Let's put aside the fact that C3.ai stock is also trading down more than 75% from its post-IPO highs in 2020 -- a time when shares were apparently even more egregiously overvalued and trading hands at nearly 90 times TTM sales. Valuation multiples have obviously contracted for both the market and the tech sector in particular since then.

But why, then, has C3.ai rallied so hard this year? And more importantly, the bears ask, how can it still possibly expect to sustain and grow into its current valuation?

To be clear, I believe the justification for C3.ai's rally is much more than a so-called "AI bump." Rather, I think C3.ai bears are ignoring two key catalysts driving this stock forward.

Revenue growth is poised to accelerate

First, perspective is in order. Three quarters ago, C3.ai switched to a new consumption-based pricing model, through which it charges new customers based on vCPU/hour usage rather than a flat rate as it was charging through its older subscription-based model. C3.ai also introduced a six-month pilot subscription, offering unlimited use of the C3.ai platform, unlimited developer licensing, unlimited runtime licensing, and a concierge tech support and training program.

The obvious goal of this switch, of course, was to not only encourage new customers to see what they could achieve with unfettered access to C3.ai's platform but also make its value proposition significantly easier to quantify for prospective users.

The problem, however, was that transitioning away from subscription pricing and toward a consumption-based model had a significant negative impact on C3.ai's remaining performance obligations (RPO) and bookings -- both key metrics investors tend to use to gauge future revenue growth -- over the near term.

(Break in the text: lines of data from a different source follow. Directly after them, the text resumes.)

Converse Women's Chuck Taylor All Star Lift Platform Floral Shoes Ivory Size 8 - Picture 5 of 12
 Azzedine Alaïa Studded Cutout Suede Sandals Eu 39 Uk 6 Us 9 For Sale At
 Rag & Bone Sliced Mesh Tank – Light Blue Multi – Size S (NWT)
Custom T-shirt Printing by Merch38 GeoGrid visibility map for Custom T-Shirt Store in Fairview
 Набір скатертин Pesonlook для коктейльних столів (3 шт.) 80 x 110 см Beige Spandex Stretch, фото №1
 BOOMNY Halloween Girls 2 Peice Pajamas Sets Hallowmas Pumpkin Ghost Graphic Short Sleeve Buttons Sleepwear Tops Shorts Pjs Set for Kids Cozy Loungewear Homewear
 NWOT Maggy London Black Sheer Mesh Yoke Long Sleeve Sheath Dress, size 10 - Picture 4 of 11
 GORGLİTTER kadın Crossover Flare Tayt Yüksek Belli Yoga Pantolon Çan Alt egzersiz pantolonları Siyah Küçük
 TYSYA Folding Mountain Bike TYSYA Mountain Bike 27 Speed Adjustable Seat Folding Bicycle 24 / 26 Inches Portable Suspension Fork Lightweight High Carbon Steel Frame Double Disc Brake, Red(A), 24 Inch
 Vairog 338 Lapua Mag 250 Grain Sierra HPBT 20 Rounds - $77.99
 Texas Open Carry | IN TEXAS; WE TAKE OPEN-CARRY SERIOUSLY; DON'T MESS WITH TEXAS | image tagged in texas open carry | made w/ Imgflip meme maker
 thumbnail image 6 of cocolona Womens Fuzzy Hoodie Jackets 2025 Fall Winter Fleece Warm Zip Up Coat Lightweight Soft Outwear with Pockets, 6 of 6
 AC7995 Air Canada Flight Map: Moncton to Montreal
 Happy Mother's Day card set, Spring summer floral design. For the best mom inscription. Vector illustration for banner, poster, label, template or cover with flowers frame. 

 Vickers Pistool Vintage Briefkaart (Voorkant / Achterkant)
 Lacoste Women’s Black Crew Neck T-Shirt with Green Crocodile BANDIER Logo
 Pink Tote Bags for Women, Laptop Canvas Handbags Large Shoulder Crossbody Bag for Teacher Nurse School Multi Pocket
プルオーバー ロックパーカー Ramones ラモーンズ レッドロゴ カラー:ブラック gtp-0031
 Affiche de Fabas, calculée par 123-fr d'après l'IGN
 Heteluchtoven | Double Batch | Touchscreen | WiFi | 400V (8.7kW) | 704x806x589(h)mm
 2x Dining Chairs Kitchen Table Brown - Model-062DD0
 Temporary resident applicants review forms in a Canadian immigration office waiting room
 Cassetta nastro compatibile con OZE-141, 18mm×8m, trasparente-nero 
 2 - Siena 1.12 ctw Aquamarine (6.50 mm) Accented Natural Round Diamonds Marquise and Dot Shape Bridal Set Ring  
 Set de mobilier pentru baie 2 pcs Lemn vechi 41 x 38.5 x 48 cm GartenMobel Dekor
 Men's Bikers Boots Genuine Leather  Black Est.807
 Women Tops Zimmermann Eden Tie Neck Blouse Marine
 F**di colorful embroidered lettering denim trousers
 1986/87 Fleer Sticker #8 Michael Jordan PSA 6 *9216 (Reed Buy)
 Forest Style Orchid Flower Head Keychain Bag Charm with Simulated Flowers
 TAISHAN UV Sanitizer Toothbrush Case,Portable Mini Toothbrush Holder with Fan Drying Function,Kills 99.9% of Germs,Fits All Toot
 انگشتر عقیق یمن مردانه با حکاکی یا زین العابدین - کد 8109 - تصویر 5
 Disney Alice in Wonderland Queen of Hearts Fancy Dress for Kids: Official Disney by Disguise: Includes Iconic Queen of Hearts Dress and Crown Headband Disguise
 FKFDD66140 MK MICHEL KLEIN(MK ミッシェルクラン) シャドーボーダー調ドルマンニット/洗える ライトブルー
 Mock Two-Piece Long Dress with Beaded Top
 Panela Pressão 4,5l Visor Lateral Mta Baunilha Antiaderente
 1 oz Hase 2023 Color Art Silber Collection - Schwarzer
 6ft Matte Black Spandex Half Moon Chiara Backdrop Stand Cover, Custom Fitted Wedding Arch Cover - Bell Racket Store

Fast forward to today, however, just as we're about to lap C3.ai's switch to consumption-based pricing, and it's obvious C3.ai is beginning to enjoy the fruits of the move.

Last quarter, for example, C3.ai management credited "increasing market demand for enterprise AI -- and from our adoption of consumption-based pricing" for driving a "substantial increase in opportunities and shorter sales cycles."

Indeed, current full fiscal year 2024 guidance calls for revenue in the range of $295 million to $320 million, good for accelerated year-over-year growth of between 11% and 20%. C3.ai has a habit of underpromising and overdelivering as well, so I won't be the least bit surprised if it arrives near the high end of that range when all is said and done.

Profitability is in sight

Meanwhile, in conjunction with its switch to consumption-based pricing last year, C3.ai outlined a target for achieving non-GAAP (adjusted) profitability by the end of fiscal-year 2024 (ended April 30, 2024).

Sure enough, during last quarter's conference call with analysts, C3.ai Chairman and CEO Tom Siebel confirmed the company is not only on track to meet that goal of reaching adjusted profitability by the fourth quarter of this fiscal year but also expects to be able to generate sustained positive free cash flow by then as well.

Make no mistake -- in a macro environment where interest rates are high, and capital is significantly harder to raise compared to when C3.ai went public in late 2020, our market will almost certainly continue to celebrate businesses that are seeing revenue growth accelerate while on the cusp of sustained positive cash flow and profitability. When that happens, I suspect C3.ai might have an easier time growing into its lofty valuations than most bears expect.